Joseph Pilote a perdu 28 moutons depuis la fin du mois de juin.

Attaques de coyotes: et tombent les moutons

Joseph Pilote est producteur d'agneaux dans Charlevoix. Depuis le début de l'été, c'est l'hécatombe dans son troupeau. La cause : des coyotes. Plutôt tranquilles au cours des dernières années, ils ont égorgé 15 brebis, 12 agneaux et un mâle reproducteur. «Je ne suis pas chasseur de coyotes, ni trappeur, mais j'aimerais bien ça en ce moment», dit l'éleveur sur un ton découragé.
Broutant dans la vallée de la rivière du Gouffre, à Baie-Saint-Paul, le troupeau de M. Pilote n'est pas le seul à être victime de l'attaque dévastatrice d'une meute de coyotes. Son voisin a perdu une douzaine de têtes et sept dindes. D'autres producteurs du coin ont perdu quelques agneaux. «On les fait coucher dans les bergeries, on les rapproche des bâtiments. J'ai même acheté trois mulets pour défendre le troupeau et engagé un trappeur pour traquer les coyotes», explique M. Pilote.
 
Les agents de la faune sont impuissants. Pour seule aide, ils conseillent de faire appel à des trappeurs, aux frais du producteur. Juste pour le massacre de l'été, ce sont des pertes de plus de 6000 $, «et je ne compte pas les brebis qui étaient enceintes», ajoute M. Pilote.
Moins de coyotes trappés
La population des coyotes n'est pas en danger au Québec. Une des explications de sa présence plus marquée cet été se trouve dans les statistiques. Selon les données publiées par la Société de la faune et des parcs du Québec, les trappeurs, ralentis par la quantité de neige en 2007-2008, ont attrapé 3302 coyotes, soit la moitié moins des 6855 de 2006-2007. Dans la région de Québec, seulement 88 coyotes ont été piégés alors qu'ils en avaient capturé 197 l'année précédente.
«La bête est fine. Sa présence est inquiétante. Mon voisin en a vu trois à 50 pieds de chez lui en plein jour. Quand ils auront terminé avec les moutons, ils vont faire quoi?», réfléchit à voix haute M. Pilote, qui aurait apprécié un coup de main du ministère de la Faune pour financer le trappage. Sa capture durant l'été est impopulaire puisque la peau ne vaut à peu près rien. «Notre objectif cet hiver est de trapper la montagne au complet», conclut M. Pilote, qui espère que le carnage achève.
Cas isolé?
Éloïse Bastien est biologiste au ministère. Elle admet que le cas est particulier. «La population du coyote n'est pas en danger, mais habituellement, on le retrouve plus au sud, vers les zones agroforestières, sur notre territoire, on n'a pas rapporté de cas problématiques», dit-elle.

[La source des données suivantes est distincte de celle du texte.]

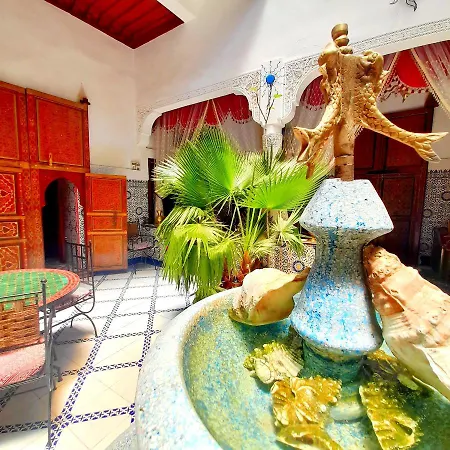 Riad Chennaoui-2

Mais c'était avant la séquence constatée chez M. Pilote. Est-ce dangereux pour les gens? «Ça demeure un animal sauvage et il faut être prudent même si le coyote n'a pas tendance à s'approcher des humains», répond Mme Bastien.
Plus élancé et plus petit que le loup, cousin du coyote, le mâle peut atteindre 23 kilos et mesure de 1,2 à 1,5 m. Rapide (il peut atteindre 64 km/h), résistant et rusé, le coyote offre le meilleur défi qu'un chasseur puisse souhaiter. On ne lui reconnaît que deux faiblesses : il dort profondément et il regarde en arrière lorsqu'il s'enfuit.
Les coyotes ont un comportement social souple et nocturne. Ils adaptent leurs méthodes de chasse à la taille de leur proie ainsi qu'aux sources de nourriture disponibles. Ils chassent souvent seuls de petits animaux, mais ils se regroupent pour s'attaquer à des proies de grande taille. Sa présence au Québec a été rapportée pour la première fois en 1944.